Estimating corrosion growth rates is a non-linear, multivariate problem with many potentially compounding factors. CUI is especially problematic, since visual inspection is not possible or at the very least an expensive undertaking. Studies suggest that in the refining and chemicals industry CUI causes between 40% and 60% of all pipeline maintenance cos
Established standards such as API RP 581, used as a rationale for risk-based inspection (RBI), are based on limited data and statistical models that do not account for non-linearity. This can lead to more uncertainty, risk and additional cost. The highly empirical nature of these corrosion estimation techniques come with assumptions that may not take into account the specific conditions, or parameter combinations, a pipeline is likely to experience. As a result, estimations may be based on extrapolation, introducing error.
Data & AI solutions
Machine learning (ML) can uncover hidden patterns within structured or unstructured, historical or real-time datasets, such as operating temperature, environmental conditions, insulation type, pipe design and insulation condition, providing valuable insight for the RBI process.
Deep machine learning models as well as inference systems are developed to predict rates of corrosion based on input parameters such as operating temperature and environment. The model was trained with 70% of the data (inputs vs known corrosion rates) and 30% of the data was used to test the model for accuracy.

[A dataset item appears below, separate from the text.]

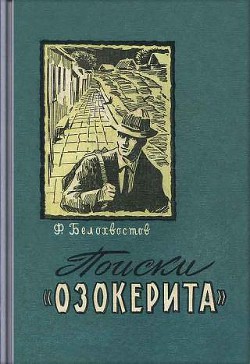 Читать онлайн книгу Поиски "Озокерита" автор Белохвостов Федор Иванович Книга Поиски "Озокерита"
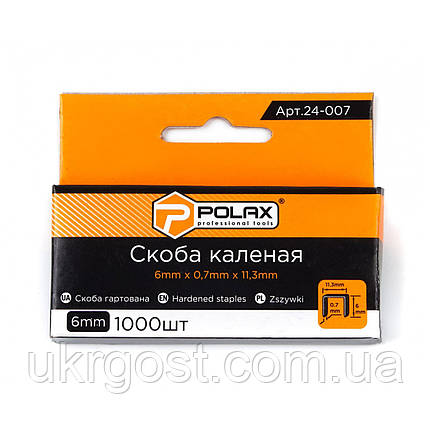 Скоби для степлера розжарені 6x0,7x11,3 мм А53 POLAX (24-007), фото 3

Several models were developed to predict CUI growth rates, ranging from ANFIS inference systems over Bayesian networks to several types of ANN.
Business case & beneifts
Over 20 percent of major oil and gas incidents reported within the European Union (EU) since 1984 have been associated with corrosion under insulation (CUI) as a contributing factor. Being able to estimate CUI could provide industry with the analytical capabilities to intervene in pipeline corrosion before a catastrophic failure occurs thereby reducing HSE liability and lost production or at least provide better predictive analysis for risk based assessment.
Increased flexibility & accuracy around scheduling of inspection intervals, enabling more targeted inspections and ability to predict corrosion hotspots while better quantifying uncertainties.